Last Night in Brooklyn
Acclaimed actress Elizabeth Gonzalez lent her voice to the “Last Night in Brooklyn” audiobook. Her uniquely New York voice adds a grounding quality to the novel.Photo courtesy of MacMillan Audiobooks

Gonzalez added that her ideal place in Brooklyn to listen to the audiobook would be a “walk and listen.” 

“I would totally go through Fort Greene, cross Fulton Mall, go down to the Promenade, Brooklyn Heights into Gowanus and back over to Smith Street,” she laughed. “Then, make your way to Red Hook and go to the VFW Hall and have a drink when you’re done.”
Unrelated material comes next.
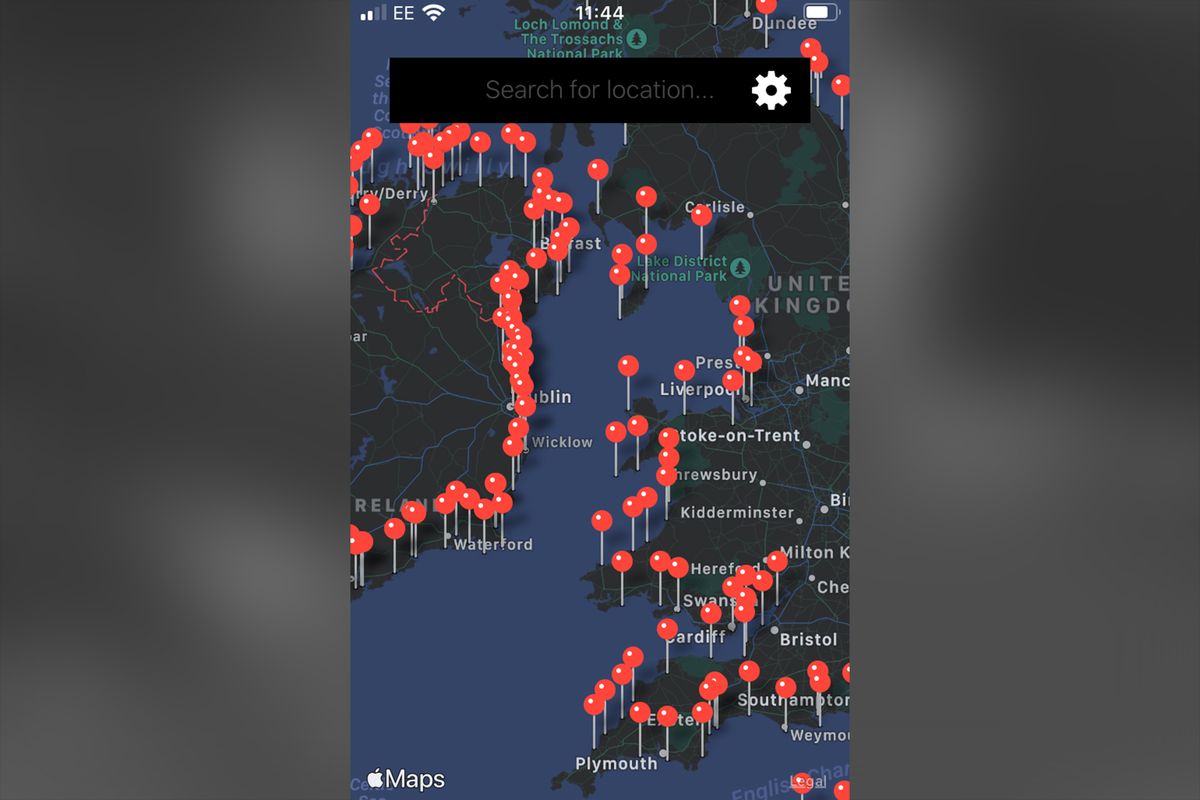 Monitor water levels for your coastal photography with the My Tide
A guidebook for Brooklyn living

For today’s readers—especially those navigating a more expensive, more digital Brooklyn — Gonzalez hopes “Last Night in Brooklyn” offers more than nostalgia.

“I think of it as a field guide to friendship,” she said. “Help people out. Make introductions. Build your community.”

Because even as Brooklyn evolves, she believes its core identity can endure — if people hold onto it.

“Brooklyn is Brooklyn for a reason,” Gonzalez said. “And I just want to make sure that what it was doesn’t get lost.”

“Last Night in Brooklyn” will be released April 21 by Flatiron Books.